> _Directions_
Repeat exactly, and only, the lines below starting at the line that contains "Photo of 4901" and ending at the line that contains "Camiseta DTmF 2 - miniatura 2", inclusive of both.
□ □ □ □ □
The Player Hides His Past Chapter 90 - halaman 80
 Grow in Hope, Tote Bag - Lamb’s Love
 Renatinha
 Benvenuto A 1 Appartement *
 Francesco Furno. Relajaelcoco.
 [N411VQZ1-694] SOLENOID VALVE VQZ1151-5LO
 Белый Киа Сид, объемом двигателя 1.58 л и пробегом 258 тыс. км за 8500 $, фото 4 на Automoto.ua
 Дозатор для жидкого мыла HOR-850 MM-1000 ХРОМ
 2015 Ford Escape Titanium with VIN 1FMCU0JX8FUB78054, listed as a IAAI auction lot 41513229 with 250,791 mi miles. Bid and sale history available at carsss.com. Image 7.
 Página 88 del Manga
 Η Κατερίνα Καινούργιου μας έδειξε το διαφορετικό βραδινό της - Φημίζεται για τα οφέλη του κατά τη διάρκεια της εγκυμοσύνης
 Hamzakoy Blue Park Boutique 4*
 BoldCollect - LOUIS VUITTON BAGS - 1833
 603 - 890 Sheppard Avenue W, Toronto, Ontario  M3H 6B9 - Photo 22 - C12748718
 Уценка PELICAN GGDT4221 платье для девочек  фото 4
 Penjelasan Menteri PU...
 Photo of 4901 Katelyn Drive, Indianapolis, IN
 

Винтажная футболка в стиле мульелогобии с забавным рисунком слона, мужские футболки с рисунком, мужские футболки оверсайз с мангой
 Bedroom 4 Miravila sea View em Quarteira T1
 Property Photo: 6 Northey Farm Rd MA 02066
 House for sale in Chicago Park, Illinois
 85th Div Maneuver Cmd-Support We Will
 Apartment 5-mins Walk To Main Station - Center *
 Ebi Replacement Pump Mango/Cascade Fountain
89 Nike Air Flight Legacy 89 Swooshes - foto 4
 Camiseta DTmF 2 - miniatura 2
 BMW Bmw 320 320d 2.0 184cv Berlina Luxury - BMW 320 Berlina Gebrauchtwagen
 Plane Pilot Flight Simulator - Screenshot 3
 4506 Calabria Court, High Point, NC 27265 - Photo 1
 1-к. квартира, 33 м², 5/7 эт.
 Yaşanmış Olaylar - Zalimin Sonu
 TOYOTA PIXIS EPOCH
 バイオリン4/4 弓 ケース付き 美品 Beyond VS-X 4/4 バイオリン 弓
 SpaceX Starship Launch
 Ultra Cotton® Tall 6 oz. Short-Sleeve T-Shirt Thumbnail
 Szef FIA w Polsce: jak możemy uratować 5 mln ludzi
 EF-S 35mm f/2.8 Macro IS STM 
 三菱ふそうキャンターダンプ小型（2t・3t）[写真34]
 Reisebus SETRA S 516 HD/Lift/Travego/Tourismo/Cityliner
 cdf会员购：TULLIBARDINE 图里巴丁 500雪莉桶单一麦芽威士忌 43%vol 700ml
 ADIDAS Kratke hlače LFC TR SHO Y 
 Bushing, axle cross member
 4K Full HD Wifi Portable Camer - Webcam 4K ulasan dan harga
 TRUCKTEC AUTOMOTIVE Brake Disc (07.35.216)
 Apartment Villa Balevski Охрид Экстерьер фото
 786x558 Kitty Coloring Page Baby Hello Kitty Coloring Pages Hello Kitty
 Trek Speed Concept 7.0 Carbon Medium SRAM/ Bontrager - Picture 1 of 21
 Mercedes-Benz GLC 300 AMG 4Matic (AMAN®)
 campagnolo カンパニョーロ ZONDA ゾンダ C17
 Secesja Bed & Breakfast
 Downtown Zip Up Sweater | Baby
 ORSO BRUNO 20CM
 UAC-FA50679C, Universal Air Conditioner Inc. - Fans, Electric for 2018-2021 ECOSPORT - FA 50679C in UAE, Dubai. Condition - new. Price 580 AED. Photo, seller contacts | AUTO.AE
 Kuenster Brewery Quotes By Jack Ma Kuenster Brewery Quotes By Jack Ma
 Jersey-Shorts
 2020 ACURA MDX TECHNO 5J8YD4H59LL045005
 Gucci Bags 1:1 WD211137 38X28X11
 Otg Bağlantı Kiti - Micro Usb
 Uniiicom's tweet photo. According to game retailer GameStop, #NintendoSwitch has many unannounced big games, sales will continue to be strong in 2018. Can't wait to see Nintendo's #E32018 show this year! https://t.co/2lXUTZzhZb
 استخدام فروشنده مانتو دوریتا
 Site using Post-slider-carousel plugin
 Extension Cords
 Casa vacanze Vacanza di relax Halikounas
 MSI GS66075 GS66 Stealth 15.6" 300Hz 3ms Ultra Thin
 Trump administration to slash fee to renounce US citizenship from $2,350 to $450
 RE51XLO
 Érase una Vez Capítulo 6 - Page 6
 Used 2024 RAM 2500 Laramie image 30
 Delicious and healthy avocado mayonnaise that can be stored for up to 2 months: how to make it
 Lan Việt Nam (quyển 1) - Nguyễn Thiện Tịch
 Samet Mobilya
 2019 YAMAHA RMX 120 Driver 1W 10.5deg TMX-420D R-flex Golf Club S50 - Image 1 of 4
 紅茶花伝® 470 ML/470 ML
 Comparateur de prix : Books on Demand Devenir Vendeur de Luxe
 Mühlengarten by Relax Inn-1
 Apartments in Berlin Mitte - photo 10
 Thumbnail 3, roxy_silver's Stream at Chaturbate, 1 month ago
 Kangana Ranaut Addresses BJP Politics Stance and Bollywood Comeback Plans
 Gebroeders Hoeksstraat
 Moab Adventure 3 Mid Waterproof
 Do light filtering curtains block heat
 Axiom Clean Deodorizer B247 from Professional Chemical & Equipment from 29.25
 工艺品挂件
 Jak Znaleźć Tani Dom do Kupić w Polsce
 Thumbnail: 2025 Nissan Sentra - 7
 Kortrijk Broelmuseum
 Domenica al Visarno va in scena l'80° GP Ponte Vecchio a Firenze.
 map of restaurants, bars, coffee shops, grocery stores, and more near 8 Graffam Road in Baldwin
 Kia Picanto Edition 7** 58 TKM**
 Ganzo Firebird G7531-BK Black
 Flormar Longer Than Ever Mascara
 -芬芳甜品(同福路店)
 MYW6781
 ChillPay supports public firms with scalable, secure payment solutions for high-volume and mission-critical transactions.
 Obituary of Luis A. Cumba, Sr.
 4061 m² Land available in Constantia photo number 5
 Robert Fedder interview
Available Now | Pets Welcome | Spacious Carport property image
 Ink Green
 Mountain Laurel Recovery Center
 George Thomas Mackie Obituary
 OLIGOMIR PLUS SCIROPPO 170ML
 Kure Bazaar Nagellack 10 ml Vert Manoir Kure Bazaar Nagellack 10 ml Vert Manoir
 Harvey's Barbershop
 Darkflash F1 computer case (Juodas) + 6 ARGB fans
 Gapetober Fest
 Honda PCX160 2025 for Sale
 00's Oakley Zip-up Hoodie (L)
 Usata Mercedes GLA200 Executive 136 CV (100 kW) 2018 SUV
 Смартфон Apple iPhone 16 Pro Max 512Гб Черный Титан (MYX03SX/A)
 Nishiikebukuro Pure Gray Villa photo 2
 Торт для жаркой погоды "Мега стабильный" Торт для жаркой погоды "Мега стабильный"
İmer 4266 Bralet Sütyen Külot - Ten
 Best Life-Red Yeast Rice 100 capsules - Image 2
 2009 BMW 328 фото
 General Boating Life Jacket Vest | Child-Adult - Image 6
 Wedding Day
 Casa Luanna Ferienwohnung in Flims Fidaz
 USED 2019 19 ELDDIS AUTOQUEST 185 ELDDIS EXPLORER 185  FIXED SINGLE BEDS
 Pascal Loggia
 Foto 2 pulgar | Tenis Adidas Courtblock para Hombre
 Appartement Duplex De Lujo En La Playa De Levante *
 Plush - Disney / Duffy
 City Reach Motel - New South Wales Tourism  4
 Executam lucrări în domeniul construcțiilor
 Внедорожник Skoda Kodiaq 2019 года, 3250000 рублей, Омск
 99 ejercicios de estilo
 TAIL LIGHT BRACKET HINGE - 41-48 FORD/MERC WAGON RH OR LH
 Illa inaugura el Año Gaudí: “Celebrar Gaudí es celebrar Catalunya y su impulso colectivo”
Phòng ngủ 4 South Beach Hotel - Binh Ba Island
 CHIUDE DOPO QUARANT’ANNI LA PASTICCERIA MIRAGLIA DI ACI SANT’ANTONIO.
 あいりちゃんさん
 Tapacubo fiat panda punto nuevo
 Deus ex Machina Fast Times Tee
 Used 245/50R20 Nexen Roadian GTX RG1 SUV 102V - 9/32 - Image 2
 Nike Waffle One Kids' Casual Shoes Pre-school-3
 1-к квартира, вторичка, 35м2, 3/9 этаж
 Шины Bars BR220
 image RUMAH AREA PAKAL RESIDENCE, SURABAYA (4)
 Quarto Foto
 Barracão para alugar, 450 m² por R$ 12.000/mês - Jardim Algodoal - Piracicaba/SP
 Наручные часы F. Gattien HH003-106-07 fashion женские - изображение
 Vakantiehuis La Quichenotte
□ □ □ □ □
> _Output of the task_
 Photo of 4901 Katelyn Drive, Indianapolis, IN
 

Винтажная футболка в стиле мульелогобии с забавным рисунком слона, мужские футболки с рисунком, мужские футболки оверсайз с мангой
 Bedroom 4 Miravila sea View em Quarteira T1
 Property Photo: 6 Northey Farm Rd MA 02066
 House for sale in Chicago Park, Illinois
 85th Div Maneuver Cmd-Support We Will
 Apartment 5-mins Walk To Main Station - Center *
 Ebi Replacement Pump Mango/Cascade Fountain
89 Nike Air Flight Legacy 89 Swooshes - foto 4
 Camiseta DTmF 2 - miniatura 2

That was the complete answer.